# EXERCISE OBJECTIVE
The records below are to be copied exactly, with their pictures left out.

# DATA EXTRACTS
----------
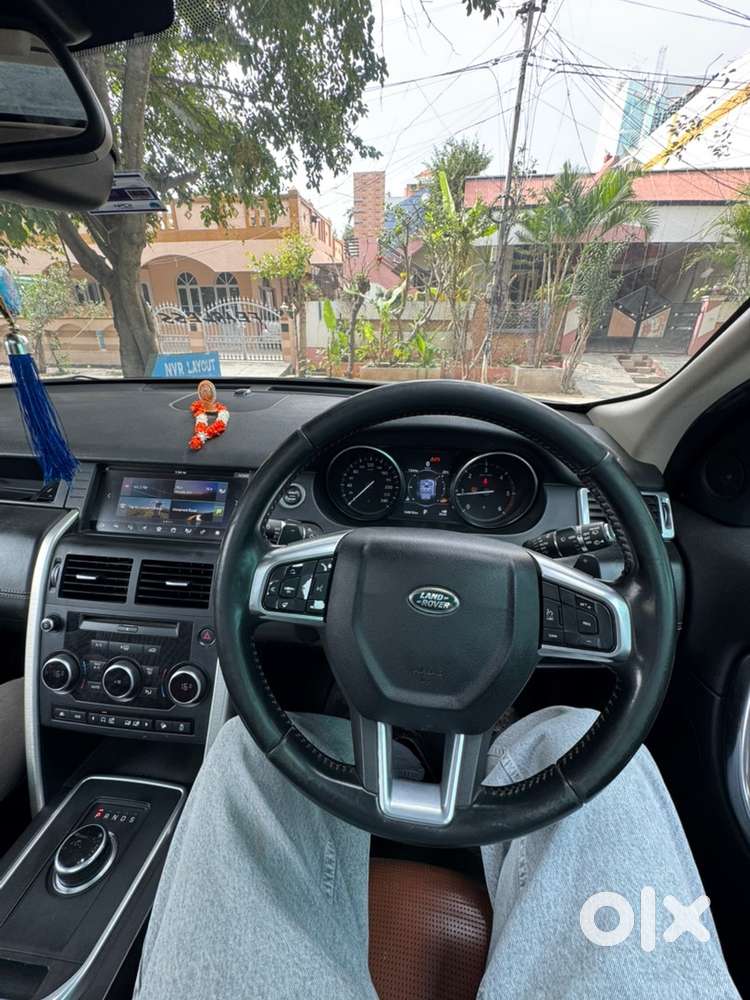 Land Rover Discovery Sport 2017 Diesel 140000 Km Driven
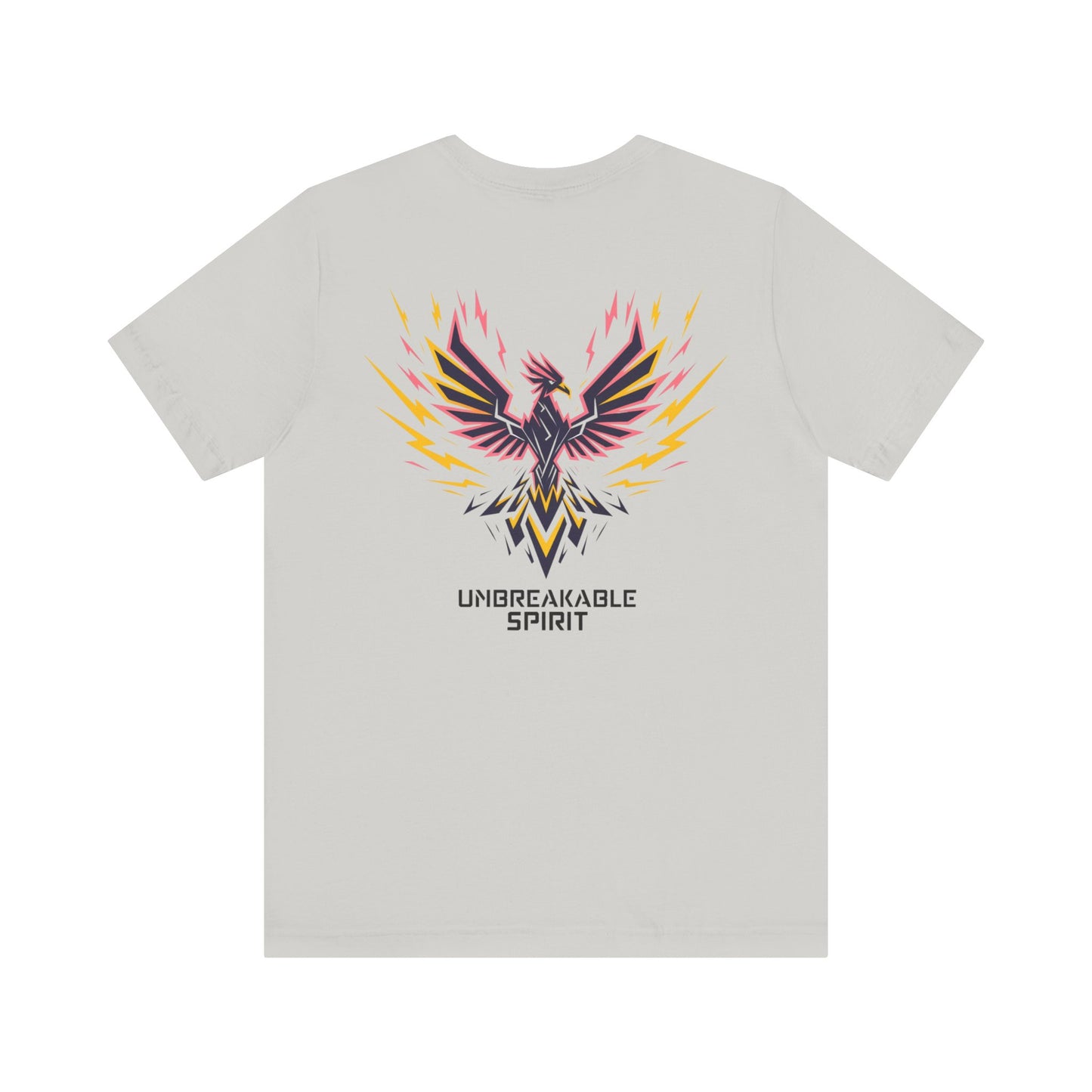 Phoenix Tee - 'Unbreakable Spirit'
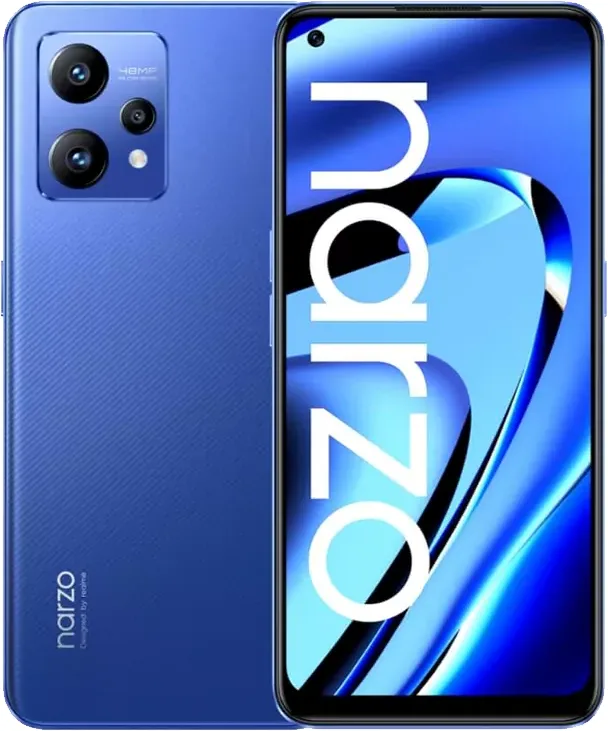 realme Narzo 50 Pro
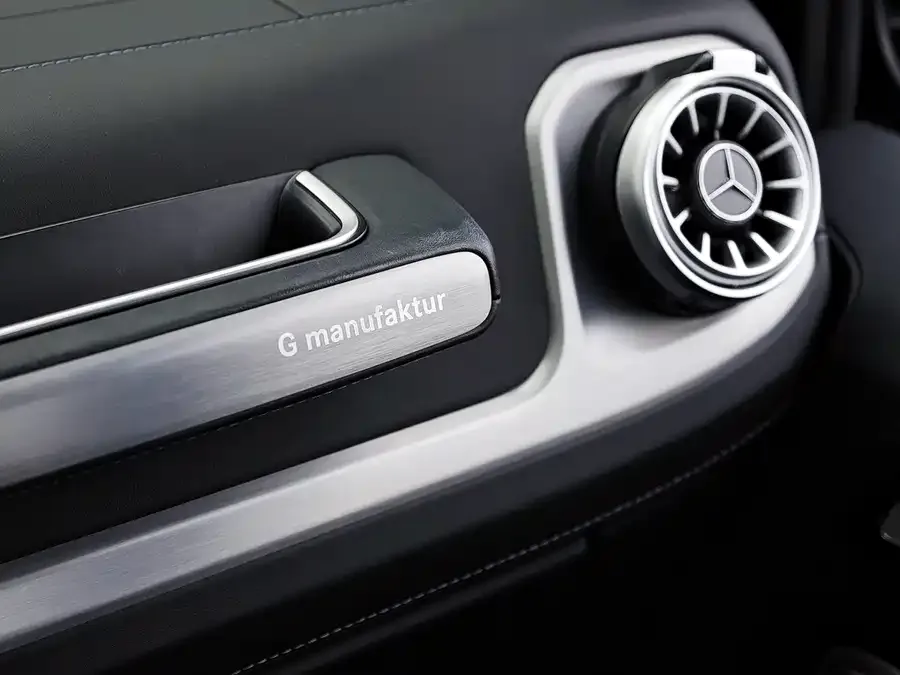 Mercedes-Benz G-rated Mercedes-Benz G-Class 2022 G 500 2023 — миниатюра 5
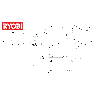 Vue éclatée Ryobi R18CSP-0 4000444845#01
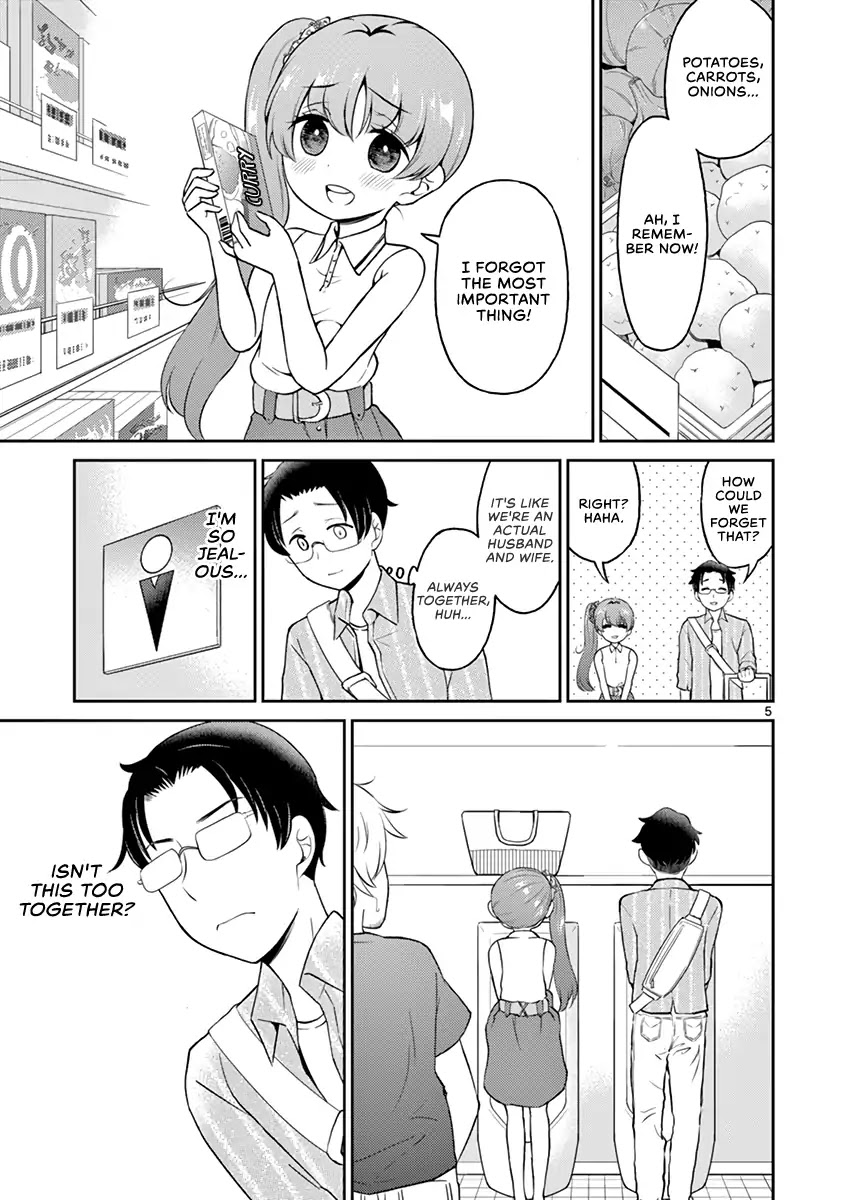My Wife is a Man Chapter 22 page 5 - Chapter 22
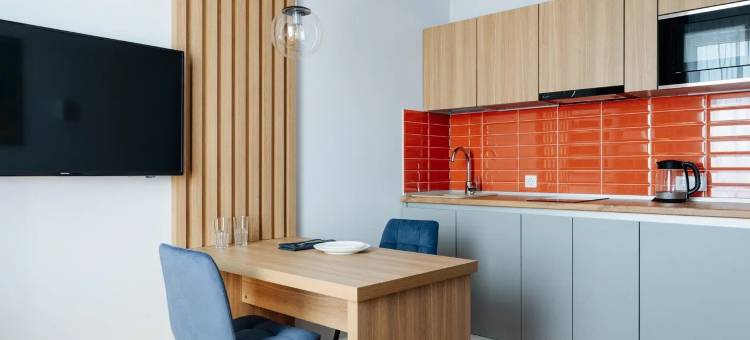 Discovery Apart-Hotel图片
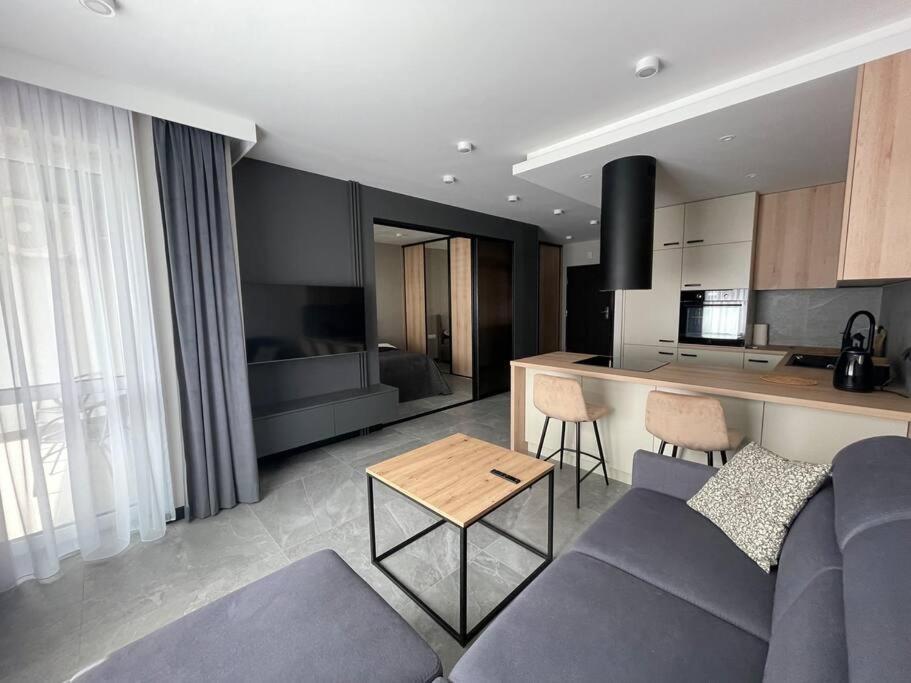 Vip Apartament Lubelska Rzeszów Exterior foto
----------
# WRITTEN ANSWER
 Land Rover Discovery Sport 2017 Diesel 140000 Km Driven
 Phoenix Tee - 'Unbreakable Spirit'
 realme Narzo 50 Pro
 Mercedes-Benz G-rated Mercedes-Benz G-Class 2022 G 500 2023 — миниатюра 5
 Vue éclatée Ryobi R18CSP-0 4000444845#01
My Wife is a Man Chapter 22 page 5 - Chapter 22
 Discovery Apart-Hotel图片
 Vip Apartament Lubelska Rzeszów Exterior foto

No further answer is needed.